No dia seguinte ao acidente eu não pedalei, fui de carona até a empresa, sinceramente, estava com medo, ficava me colocando no lugar dela, já que infelizmente já havia levado algumas finas de ônibus..

O medo logo passou, afinal, se todos parassem de andar de carro a cada acidente que acontece, não teríamos mais nenhum carro circulando por aí… (claro que queremos uma redução, mas não desta forma..) Mas o que ficou foi a tristeza e a revolta. É revoltante ver coisas deste tipo acontecerem e não poder fazer nada. Nunca ver os culpados serem punidos, é lamentável… E é triste, muito triste que a vida dela tenha se encerrado ali… Dói.

Ficamos parados ali, nós 3, em frente a Ghost Bike, uma homenagem dos amigos da Márcia (muitos deles da bicicletada de São Paulo). Não havia o que dizer…

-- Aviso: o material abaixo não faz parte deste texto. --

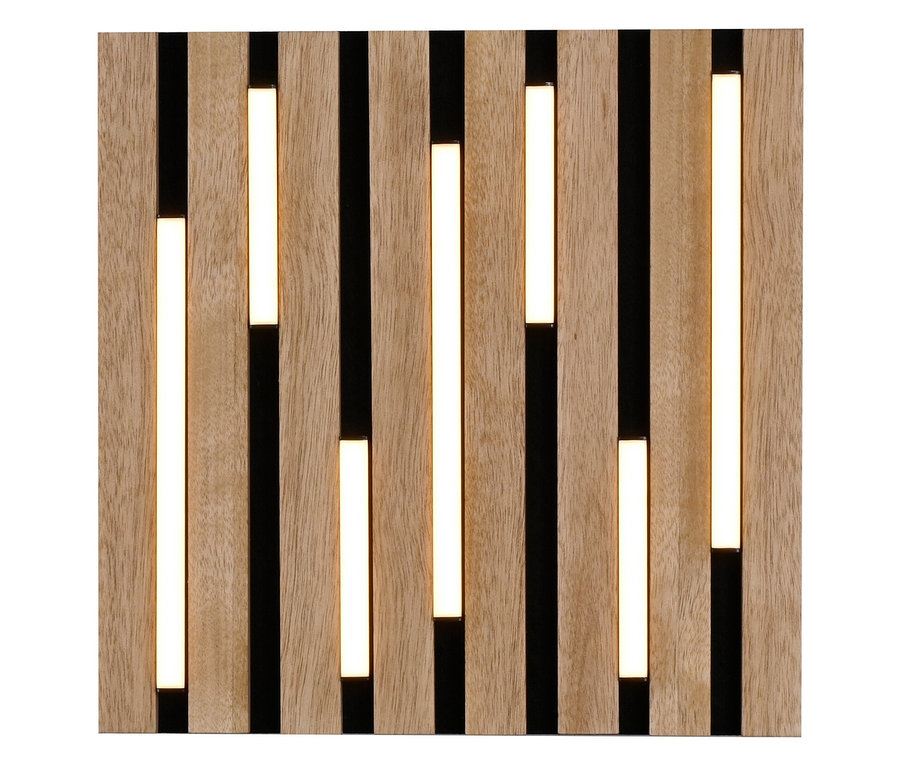 Holzpaneel, vertikal unterteilt durch schwarze und weiße Streifen.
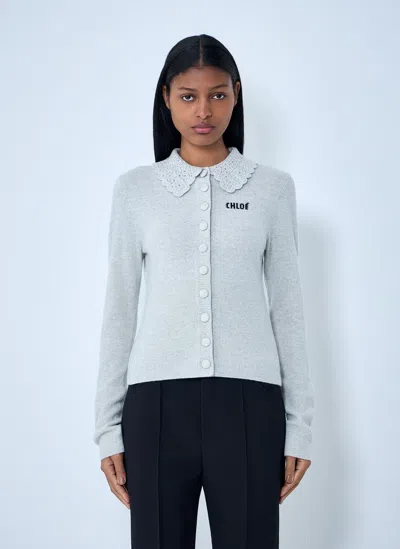 Chloé Logo Cardigan In Gray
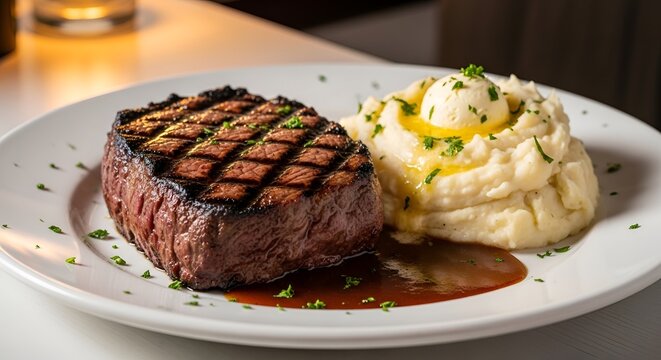 Grilled steak mashed potato plate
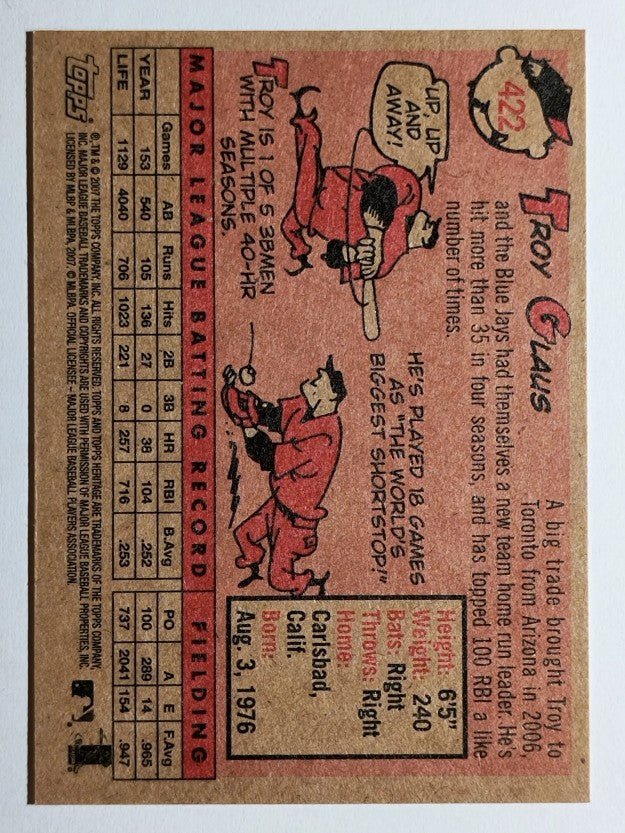 2007 Topps Heritage #422 Troy Glaus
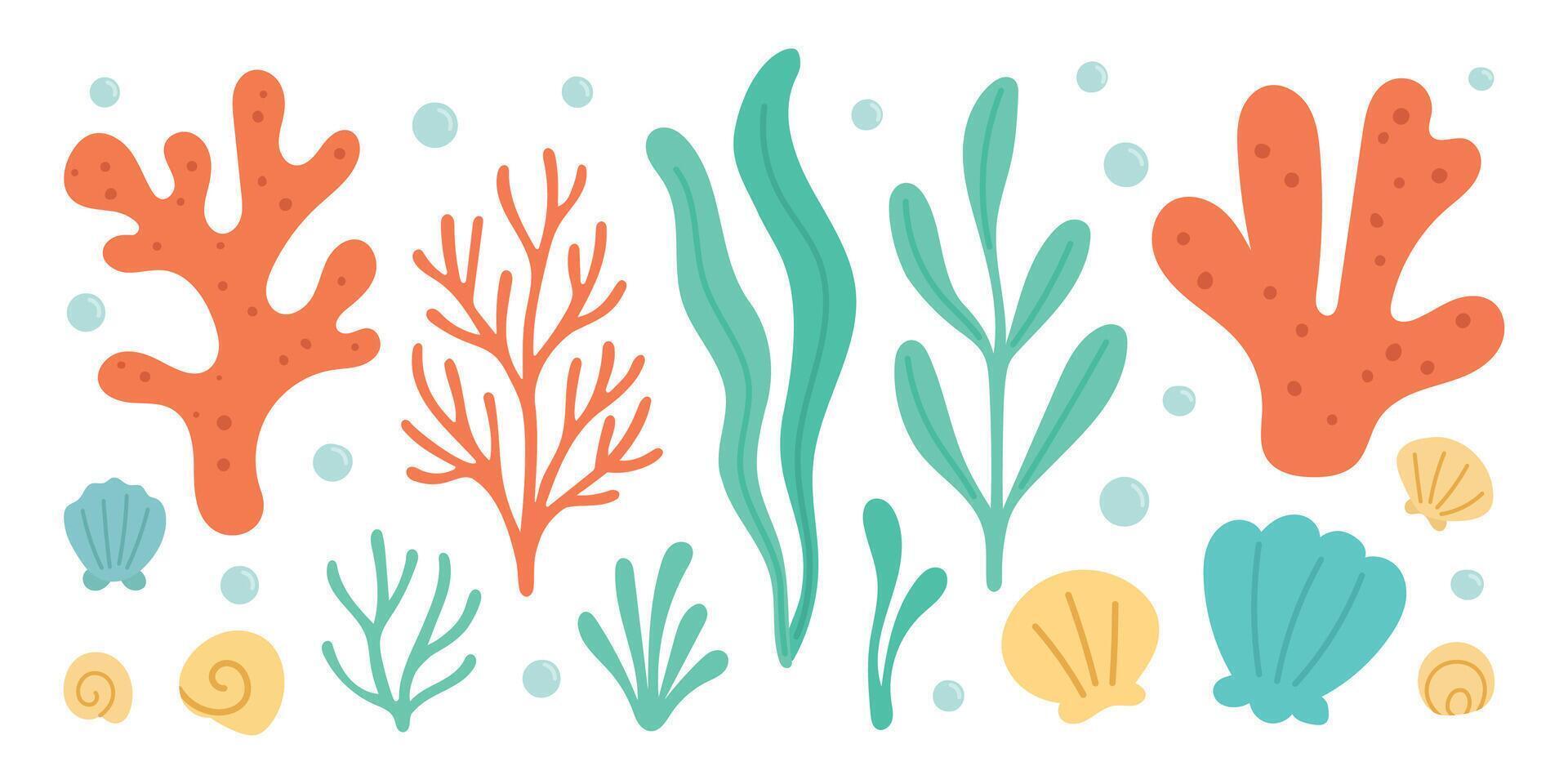 Colorful undersea plant set with seaweed, reef coral, and shells forms a vibrant marine illustration perfect for creative ocean backgrounds or pattern design vector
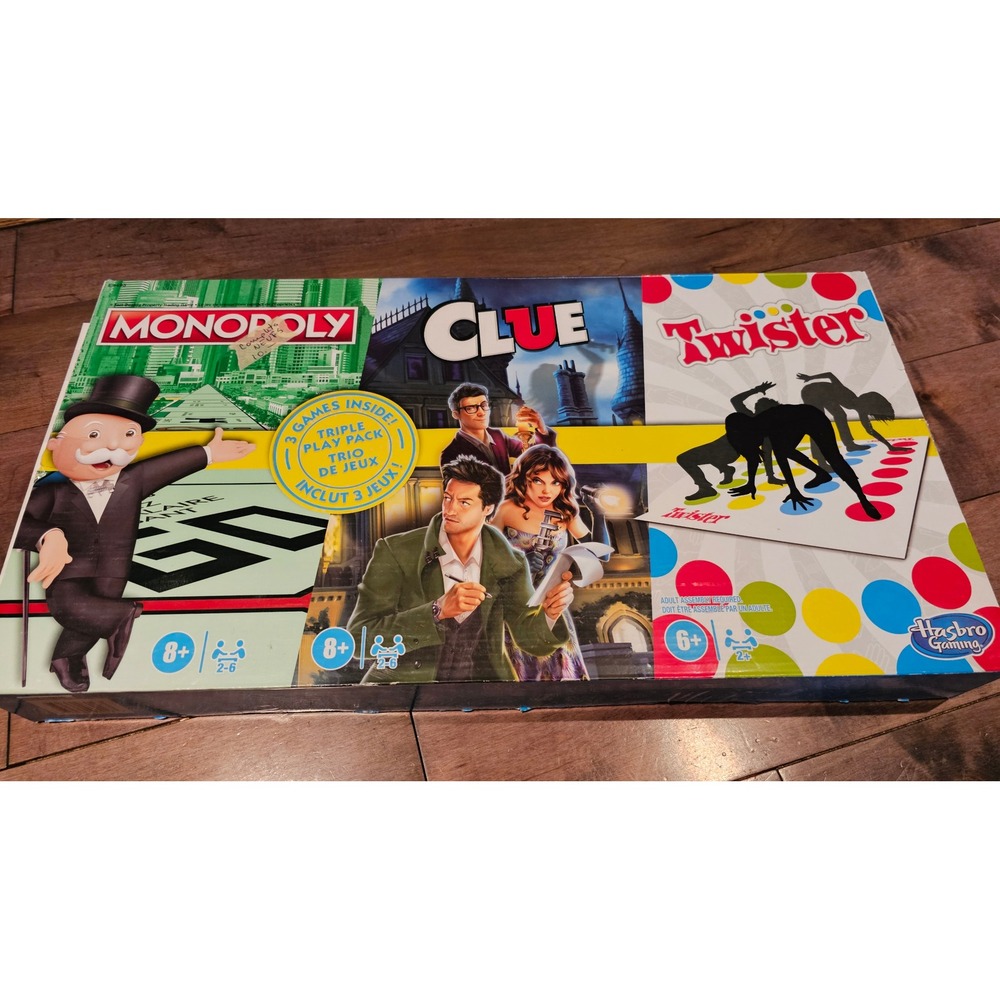 Hasbro Gaming 3 Classic Games in One Box Monopoly Clue Twister‎ Triple Play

O local é bem próximo a um ponto de ônibus, o que reforça que o motorista foi imprudente, se queria ultrapassa-la, deveria ter mantido a distância segura e obrigatória por lei de 1,5 m e ainda, para que ultrapassa-la e de maneira assassina se naquele local ele tinha que reduzir a velocidade por causa do ponto de ônibus? A pressa dele com certeza não vale uma vida, mas infelizmente, ela se foi.

Essa semana recebemos um e-mail direcionado a um ciclista já bem conhecido por todos devido às ações que ele tem feito ao longo dos anos, lutando por mais respeito aos ciclistas, o André Pasqualini. A mensagem era de uma mulher que passou a pé pela Paulista e viu o memorial da Márcia, tomou conhecimento do que havia acontecido e decidiu que iria pedalar, por ela, simplesmente porque ela não admitiu que a história da Márcia acabasse ali.